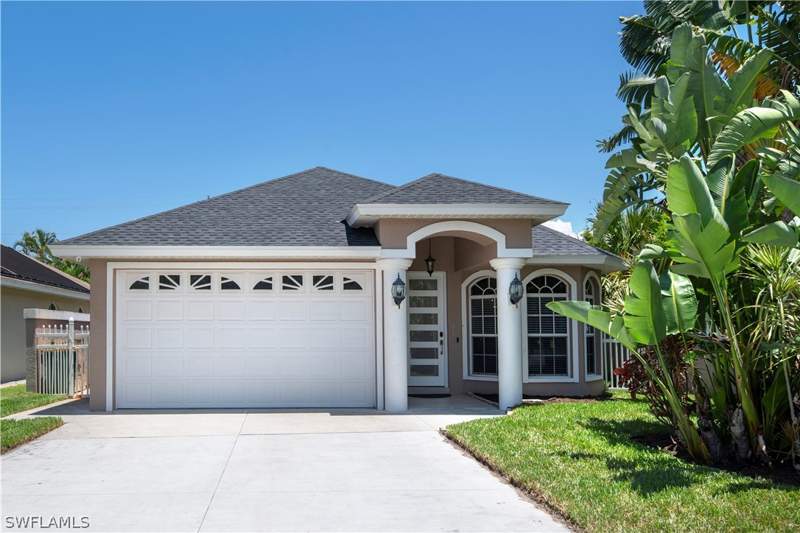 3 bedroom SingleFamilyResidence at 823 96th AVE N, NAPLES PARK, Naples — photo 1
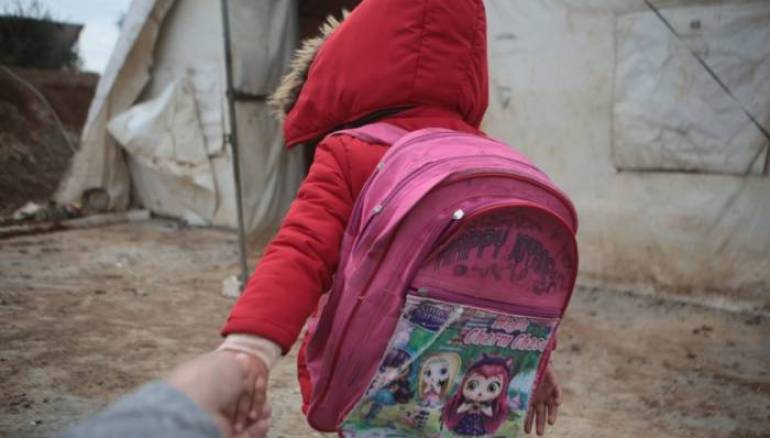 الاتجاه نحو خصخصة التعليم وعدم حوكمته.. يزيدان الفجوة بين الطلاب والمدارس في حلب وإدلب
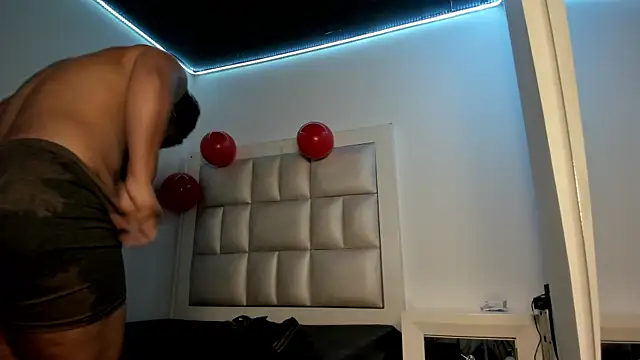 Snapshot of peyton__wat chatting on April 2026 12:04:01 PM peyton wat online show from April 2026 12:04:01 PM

---

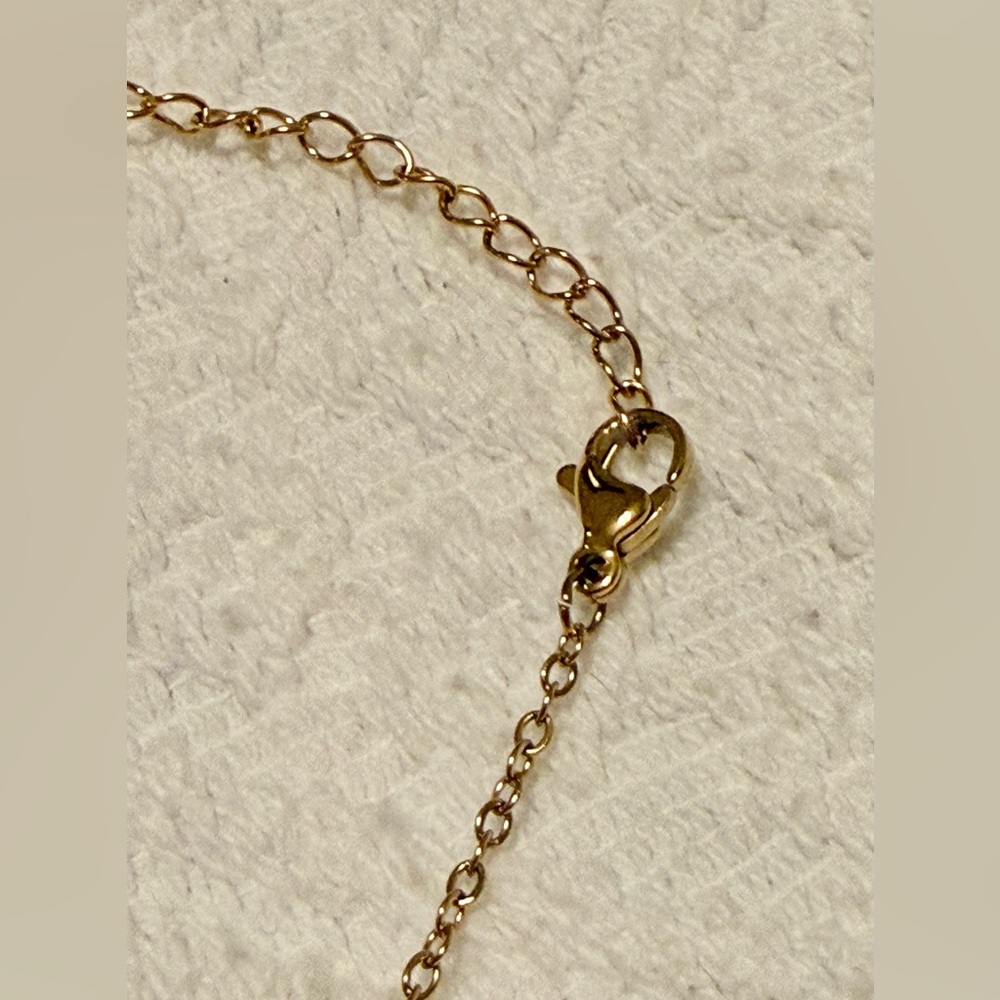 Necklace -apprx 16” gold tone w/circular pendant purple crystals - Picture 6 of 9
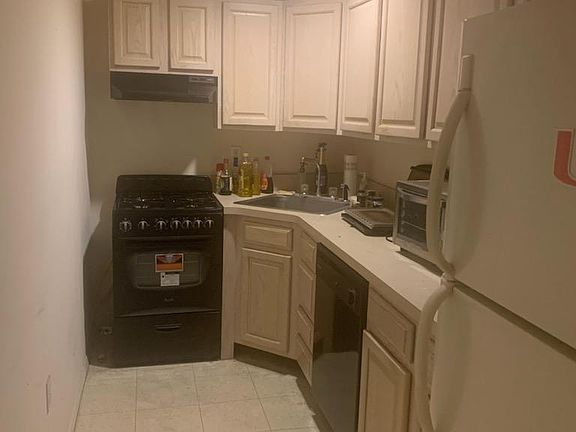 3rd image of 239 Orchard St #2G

* * *

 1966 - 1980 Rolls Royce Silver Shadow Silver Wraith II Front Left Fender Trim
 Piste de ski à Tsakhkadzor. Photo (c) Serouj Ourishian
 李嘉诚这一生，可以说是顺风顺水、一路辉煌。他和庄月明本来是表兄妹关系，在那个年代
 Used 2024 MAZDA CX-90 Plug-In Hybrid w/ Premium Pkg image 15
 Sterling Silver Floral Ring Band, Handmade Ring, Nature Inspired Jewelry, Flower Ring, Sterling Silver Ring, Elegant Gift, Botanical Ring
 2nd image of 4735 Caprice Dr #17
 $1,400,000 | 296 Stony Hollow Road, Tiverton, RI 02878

» Task brief
Skipping the pictures, print the lines in the listing above exactly as written, starting at the line with "3 bedroom SingleFamilyResidence" and ending at the line with "Snapshot of peyton__wat", both included.

» Answer section
 3 bedroom SingleFamilyResidence at 823 96th AVE N, NAPLES PARK, Naples — photo 1
 الاتجاه نحو خصخصة التعليم وعدم حوكمته.. يزيدان الفجوة بين الطلاب والمدارس في حلب وإدلب
 Snapshot of peyton__wat chatting on April 2026 12:04:01 PM peyton wat online show from April 2026 12:04:01 PM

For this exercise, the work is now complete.